# **Keras and Scikit-Learn With MLRun: Kaggle's Credit Fraud Data**

_______________________________________________________________________________

MLRun is an open-source Python package that provides a framework for running machine learning tasks transparently in multiple, scalable, runtime environments.  MLRun provides tracking of code, metadata, inputs, outputs and the results of machine learning pipelines. 

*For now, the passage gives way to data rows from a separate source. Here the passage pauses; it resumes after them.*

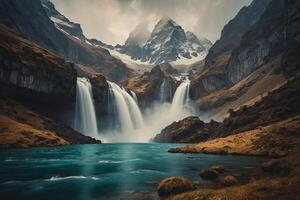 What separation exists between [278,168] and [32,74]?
14496 cm

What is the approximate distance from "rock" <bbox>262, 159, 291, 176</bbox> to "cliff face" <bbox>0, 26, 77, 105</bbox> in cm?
13705

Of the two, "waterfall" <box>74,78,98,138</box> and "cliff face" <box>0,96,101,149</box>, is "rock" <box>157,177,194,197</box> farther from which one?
"waterfall" <box>74,78,98,138</box>

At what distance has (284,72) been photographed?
18762cm

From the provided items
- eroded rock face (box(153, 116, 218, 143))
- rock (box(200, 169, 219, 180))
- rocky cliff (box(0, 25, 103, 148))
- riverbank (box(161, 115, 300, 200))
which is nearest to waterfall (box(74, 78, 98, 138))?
rocky cliff (box(0, 25, 103, 148))

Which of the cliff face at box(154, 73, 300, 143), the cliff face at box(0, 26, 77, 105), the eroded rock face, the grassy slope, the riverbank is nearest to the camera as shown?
the riverbank

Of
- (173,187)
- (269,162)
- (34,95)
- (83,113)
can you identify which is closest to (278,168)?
(269,162)

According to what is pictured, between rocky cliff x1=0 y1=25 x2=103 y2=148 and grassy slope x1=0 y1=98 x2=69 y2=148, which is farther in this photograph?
rocky cliff x1=0 y1=25 x2=103 y2=148

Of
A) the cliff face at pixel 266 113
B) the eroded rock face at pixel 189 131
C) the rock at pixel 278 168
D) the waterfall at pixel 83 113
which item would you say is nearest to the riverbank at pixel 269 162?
the rock at pixel 278 168

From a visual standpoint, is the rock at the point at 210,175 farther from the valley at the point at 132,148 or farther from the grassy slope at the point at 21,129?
the grassy slope at the point at 21,129

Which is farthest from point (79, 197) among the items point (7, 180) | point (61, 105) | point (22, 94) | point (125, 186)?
point (61, 105)

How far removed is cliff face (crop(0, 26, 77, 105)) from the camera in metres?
154

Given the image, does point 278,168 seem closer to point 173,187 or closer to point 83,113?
point 173,187

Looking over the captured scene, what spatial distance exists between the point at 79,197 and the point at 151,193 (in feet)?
26.4

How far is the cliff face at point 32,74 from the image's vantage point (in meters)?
154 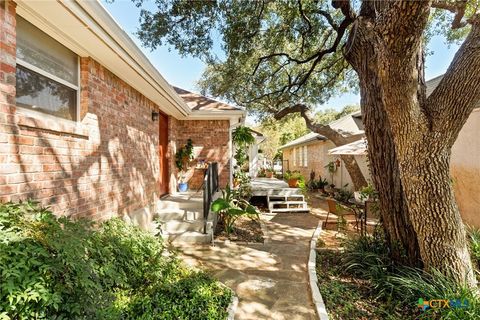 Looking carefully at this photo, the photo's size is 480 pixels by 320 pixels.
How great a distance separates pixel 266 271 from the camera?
14.7 feet

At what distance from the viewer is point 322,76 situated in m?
12.2

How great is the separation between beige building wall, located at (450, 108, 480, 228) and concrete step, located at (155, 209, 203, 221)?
A: 6.58 m

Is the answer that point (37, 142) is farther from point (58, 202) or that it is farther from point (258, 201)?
point (258, 201)

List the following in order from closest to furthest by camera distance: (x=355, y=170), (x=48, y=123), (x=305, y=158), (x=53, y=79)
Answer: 1. (x=48, y=123)
2. (x=53, y=79)
3. (x=355, y=170)
4. (x=305, y=158)

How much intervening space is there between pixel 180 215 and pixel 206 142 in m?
3.79

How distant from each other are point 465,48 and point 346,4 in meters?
3.80

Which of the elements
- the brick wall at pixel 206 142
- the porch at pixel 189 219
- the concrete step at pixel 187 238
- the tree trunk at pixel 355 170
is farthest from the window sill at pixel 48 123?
the tree trunk at pixel 355 170

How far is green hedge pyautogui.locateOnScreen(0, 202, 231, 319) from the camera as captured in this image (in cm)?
159

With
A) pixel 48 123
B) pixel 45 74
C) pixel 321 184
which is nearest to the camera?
pixel 48 123

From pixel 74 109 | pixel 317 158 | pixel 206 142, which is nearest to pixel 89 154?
pixel 74 109

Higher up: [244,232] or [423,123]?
[423,123]

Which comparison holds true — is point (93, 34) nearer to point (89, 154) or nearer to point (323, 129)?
point (89, 154)

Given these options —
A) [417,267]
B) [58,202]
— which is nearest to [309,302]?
[417,267]

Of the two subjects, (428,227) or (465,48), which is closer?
(465,48) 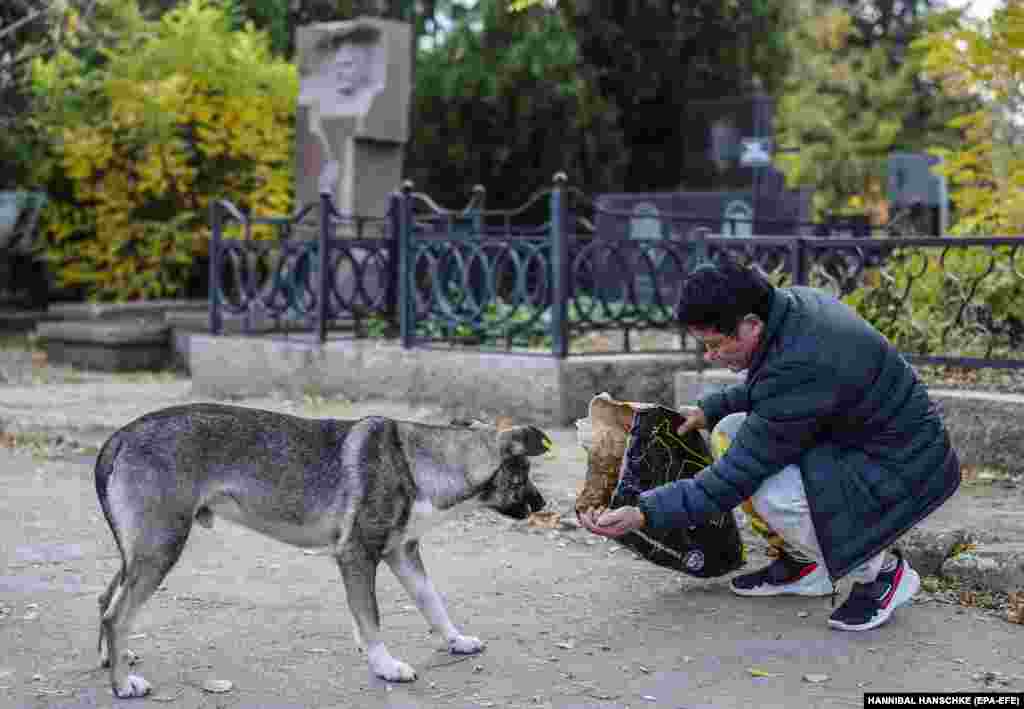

In this notebook we"ll compose a pipeline that deploys a classifier model, and uses it as the input in either evaluation, inference, or retrain steps. We'll be working with **[Kaggle's Synthetic Financial Datasets For Fraud Detection](https://www.kaggle.com/ntnu-testimon/paysim1)**, a synthetic mobile transactions dataset with 6362620 rows, 10 features and a binary label.  The model will be a dense neural net classifier written with **[keras](https://keras.io/)** (v2.3.1), using a **[tensorflow](https://www.tensorflow.org/)** backend (v1.14.0), and without gpu support.

One of the challeges with the paysim dataset is it's imbalance. For more details on some of the issues, take a look at **[Classification on imbalanced data](https://www.tensorflow.org/tutorials/structured_data/imbalanced_data)** covering the same dataset. We'll borrow some of the feature transformations presented there as part of a pipeline within a pipeline.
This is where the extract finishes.